TASK GOAL: Please output exactly the lines below, starting at the line that has "Pancakes with butter" and ending at the line that has "Une jeune personne", both included; leave out all pictures and include nothing else.

DATA FOR ANALYSIS:
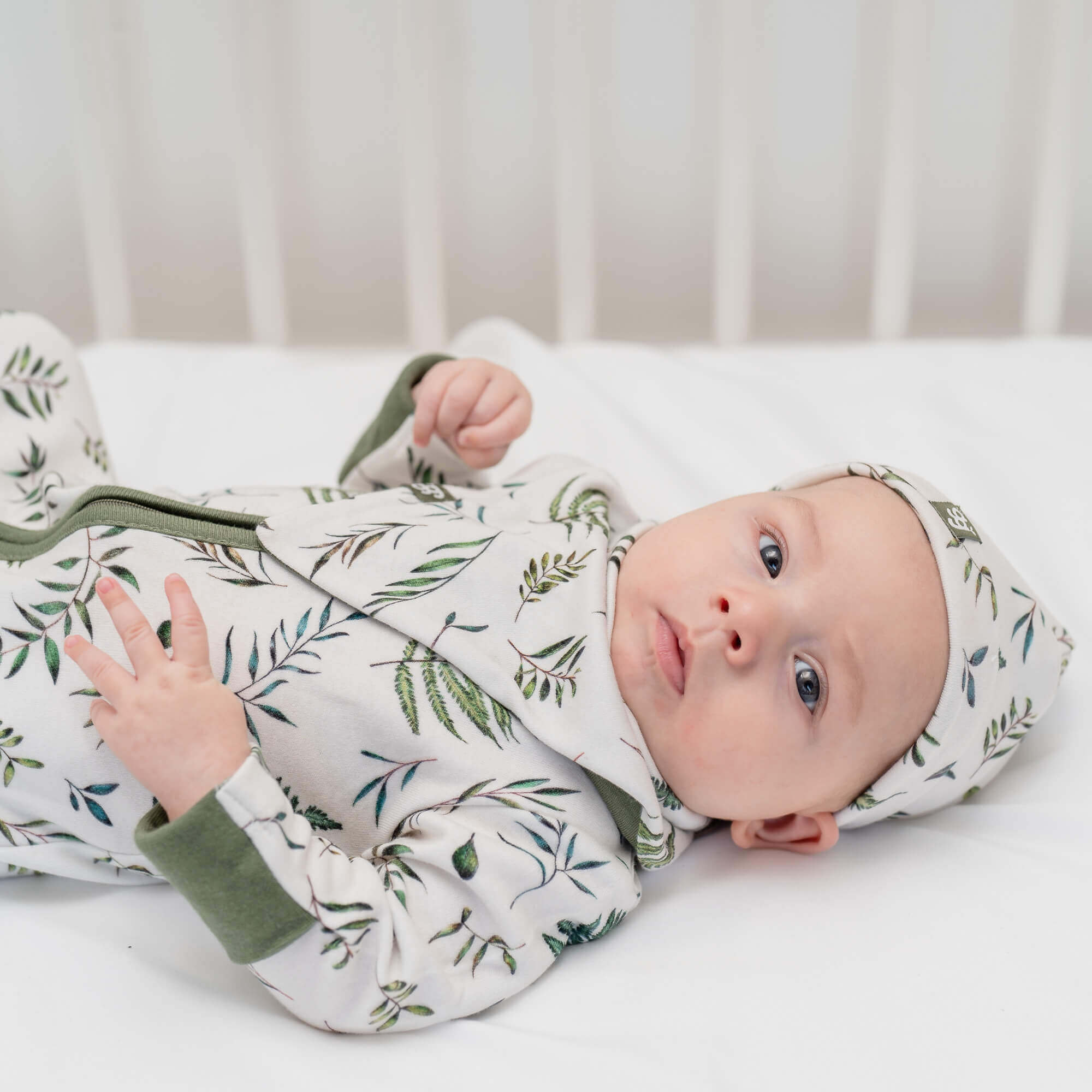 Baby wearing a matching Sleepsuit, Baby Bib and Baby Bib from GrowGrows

--

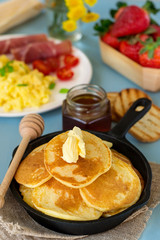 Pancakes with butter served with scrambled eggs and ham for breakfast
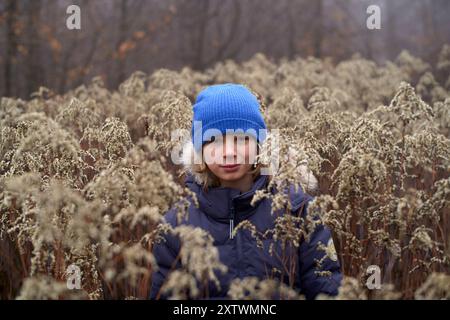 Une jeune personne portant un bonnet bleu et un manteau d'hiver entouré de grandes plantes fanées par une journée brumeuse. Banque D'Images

RESULT FOR THIS EXERCISE:
 Pancakes with butter served with scrambled eggs and ham for breakfast
 Une jeune personne portant un bonnet bleu et un manteau d'hiver entouré de grandes plantes fanées par une journée brumeuse. Banque D'Images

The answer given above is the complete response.